Можно было бы предположить, что за те годы, что я занимаюсь этим видом деятельности, мой первоначальный восторг притупился, но нет. Каждый раз, когда мужчина заговаривает со мной, более или менее аккуратно намекая о своем желании разделить со мной ложе, я вижу в этом представившийся случай, которым надо воспользоваться быстро-быстро, пока он не исчез. Как будто я рискую снова проснуться той девчушкой, которая отчаянно страдала, потому что мальчишки видели в ней лишь товарища в очках. Я в действительности задаю себе вопрос, что же происходит в голове у проститутки, на чем строится ее эго, как она формирует свою самооценку. Сидя на маленькой заледеневшей скамейке, я разглядываю невысокого роста блондинку, расхаживающую по тротуару и играющую дымом от сигаретки Vogue, вроде и не затягиваясь ею всерьез. На ней надето то же, что и на остальных ее коллегах по всему Берлину, — ботфорты из кожзаменителя, на которые падает свет уличных фонарей
Выражение ее лица в моменты, когда она буквально выплевывает сигаретный дым, выдает ее возраст — как минимум лет на пять младше меня. На пять лет.

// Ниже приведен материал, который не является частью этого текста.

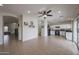 Open concept living room with tile flooring leading into the kitchen, bathed in natural light at 11563 W Jefferson St, Avondale, AZ 85323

Ей должно быть около двадцати, но как искусно она двигается, как осознанно! Для начала — каблуки: никто не смог бы ходить на таких, уж точно не я, а на ней они кажутся продолжением ноги, таким же естественным, какой была бы голая стопа. И этот звук, это томное постукивание, длящееся ровно столько, сколько требуют десять шажков туда и обратно на отведенной ей территории… Вслушиваясь, ты не сомневаешься: такой отточенный ритм не смогла бы воспроизвести шатающаяся девчонка, грозящаяся подвернуть лодыжку. Такой звук может исходить только от женщины, от агрессивной соблазнительницы, полностью владеющей собой. А ее одежда, волосы, макияж — это такая привлекательная карикатура, мой бог! Как удается ей в ее-то возрасте владеть всеми этими уловками и хитростями и при этом не походить на пацанку, совершившую налет на гардероб своей матери? Отдает ли она себе в этом отчет? Каково это — осознавать, что у каждого мужчины, с которым ты сталкиваешься, ты вызываешь мысли сексуального характера, хочет он того или нет? Каково это — быть тут на улицах города, в окружении машин и прохожих, гулким и неизбежным напоминанием о том, что желание пересиливает все?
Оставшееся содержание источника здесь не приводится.